WHAT IS EXPECTED >>
The answer must consist solely of the lines from the opening line of the entries through the line with "Hoa tai vàng 14k xoắn vàng hồng", transcribed exactly and without any pictures.

DATA TO PROCESS Block Start

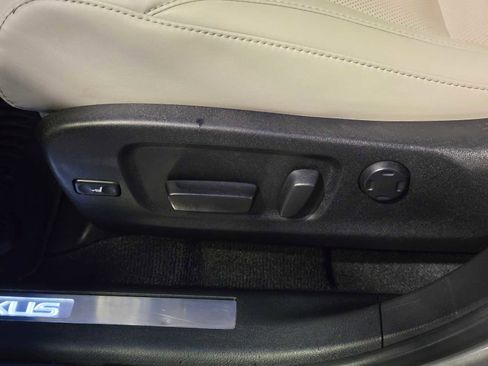 Used 2019 Lexus RX 450hL Luxury image 26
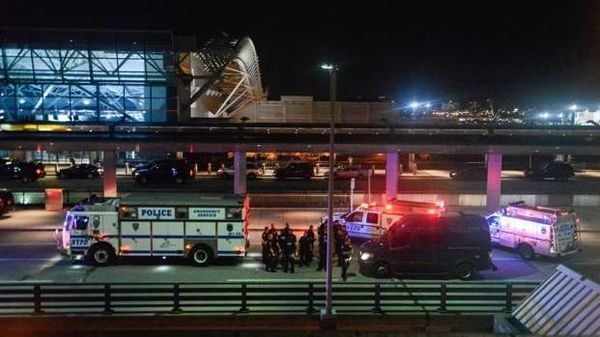 16 Indian-Americans briefly stranded at JFK airport for not carrying old cancelled passports ਪੁਰਾਣੇ ਰੱਦ ਕੀਤੇ ਪਾਸਪੋਰਟ ਨਾ ਲਿਜਾਣ ਕਰਕੇ 16 ਭਾਰਤੀ ਅਮਰੀਕੀ ਹਵਾਈ ਅੱਡੇ 'ਤੇ ਫਸੇ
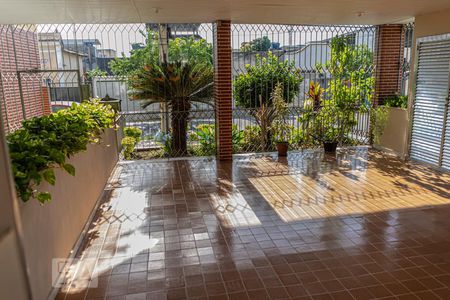 Apartamento à venda com 80m², 2 quartos e 1 vagaÁrea comum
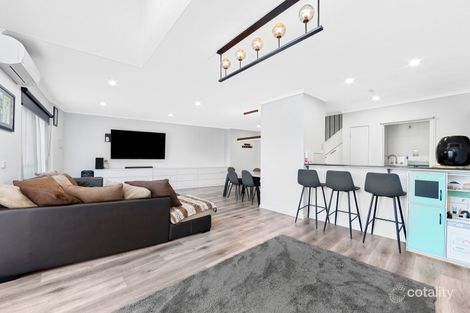 Property photo of 27 Cavalry Circuit Maribyrnong VIC 3032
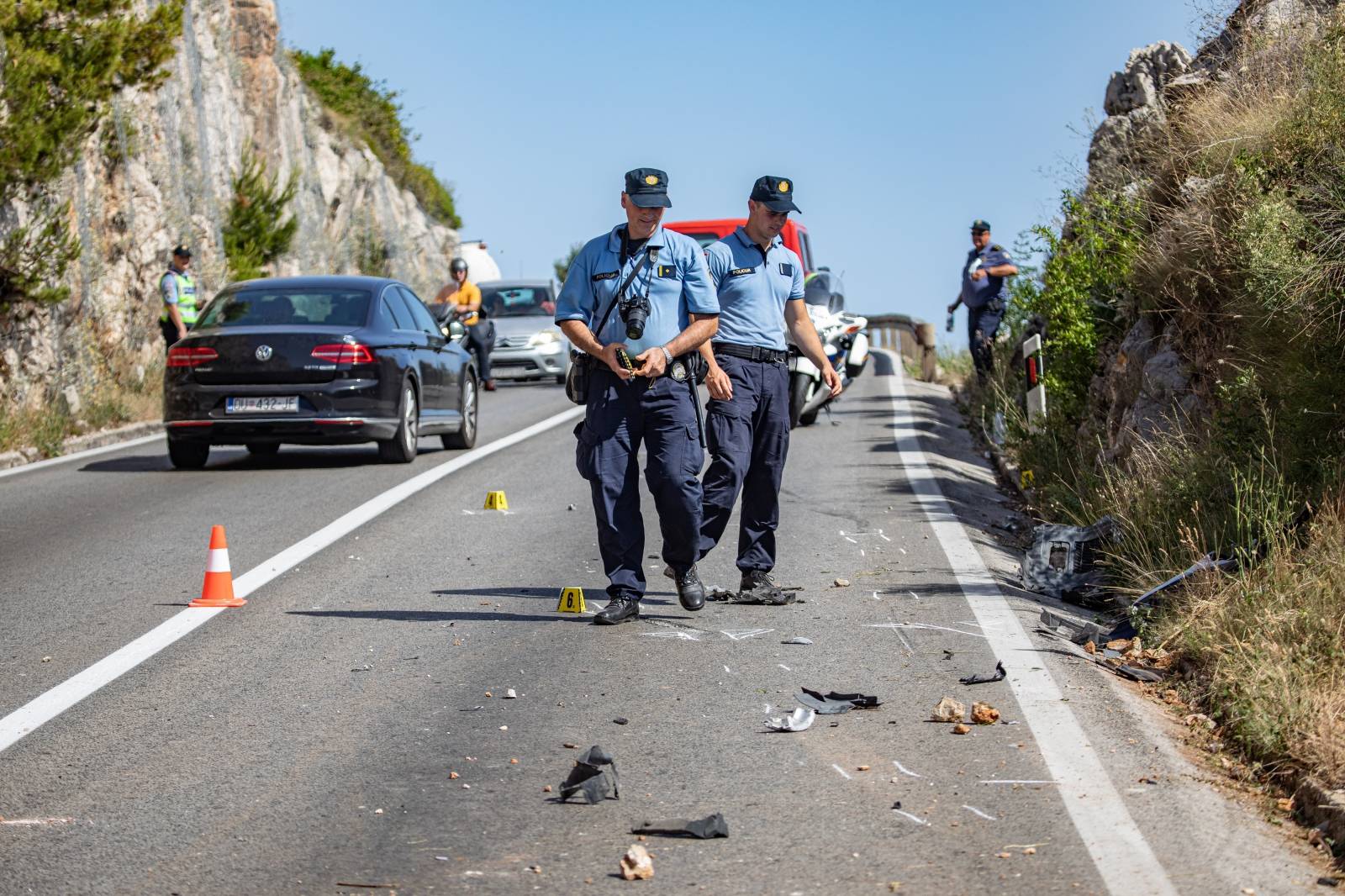 Dva automobila sletjela u provaliju nedaleko Dubrovnika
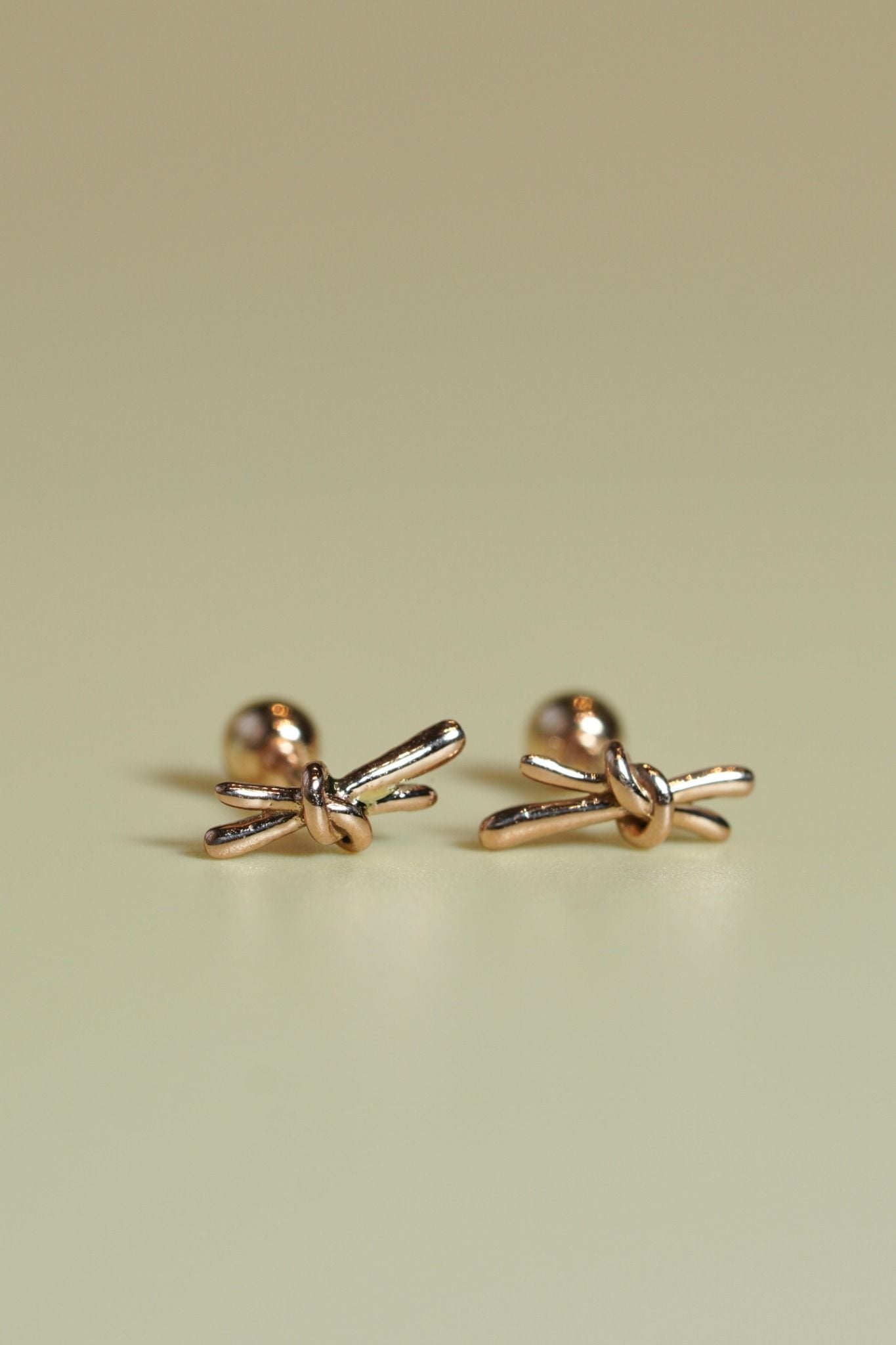 Hoa tai vàng 14k xoắn vàng hồng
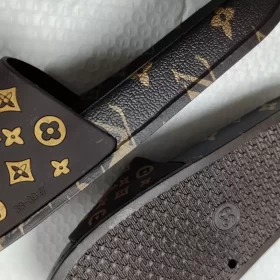 Classical High Quality Alphabets Slippers LX-672052 photo review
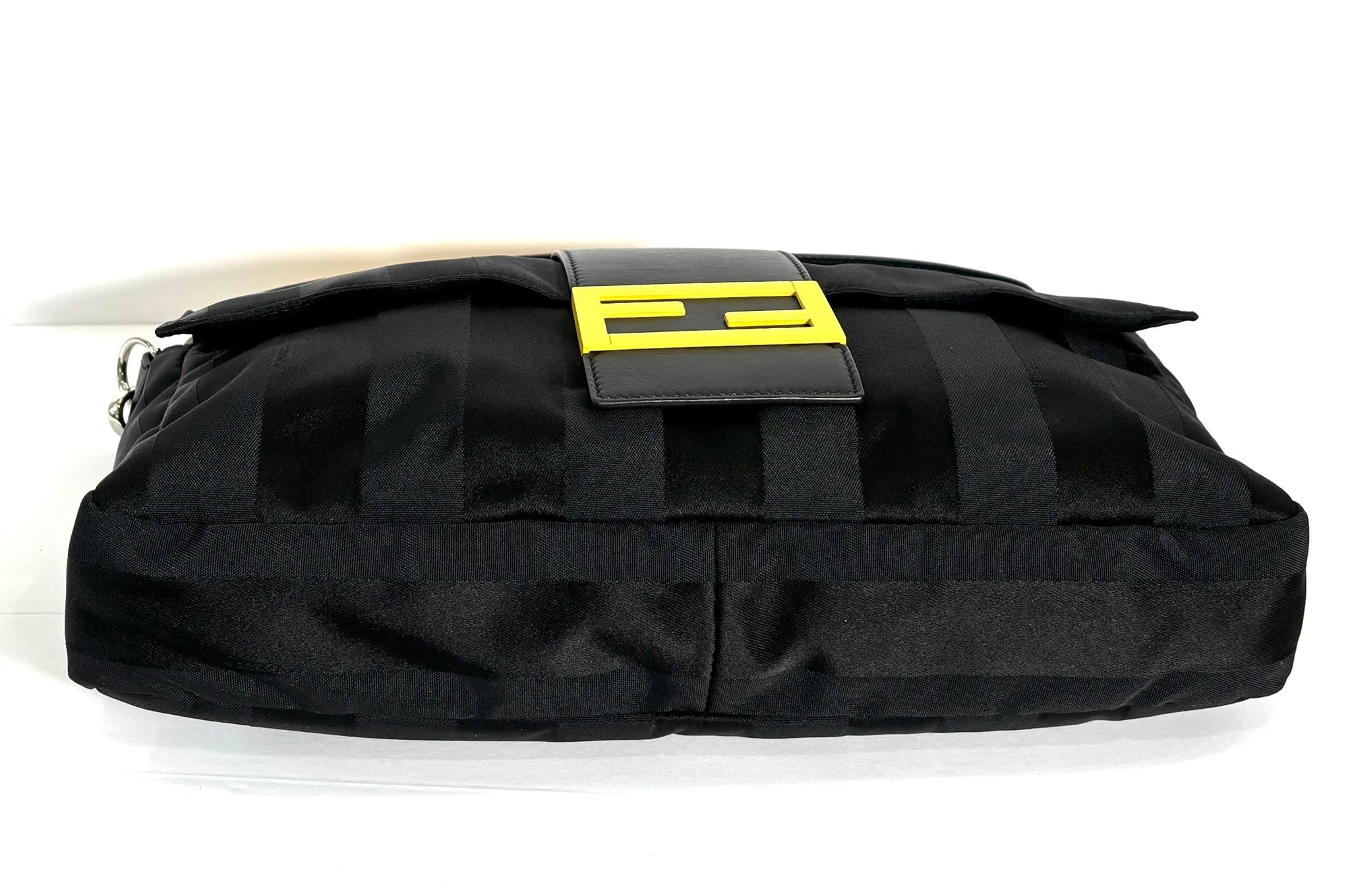 FENDI BAGUETTE CONVERTIBLE SHOULDER BAG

DATA TO PROCESS Block End

REPLY TO THE TASK >>
 Used 2019 Lexus RX 450hL Luxury image 26
 16 Indian-Americans briefly stranded at JFK airport for not carrying old cancelled passports ਪੁਰਾਣੇ ਰੱਦ ਕੀਤੇ ਪਾਸਪੋਰਟ ਨਾ ਲਿਜਾਣ ਕਰਕੇ 16 ਭਾਰਤੀ ਅਮਰੀਕੀ ਹਵਾਈ ਅੱਡੇ 'ਤੇ ਫਸੇ
 Apartamento à venda com 80m², 2 quartos e 1 vagaÁrea comum
 Property photo of 27 Cavalry Circuit Maribyrnong VIC 3032
 Dva automobila sletjela u provaliju nedaleko Dubrovnika
 Hoa tai vàng 14k xoắn vàng hồng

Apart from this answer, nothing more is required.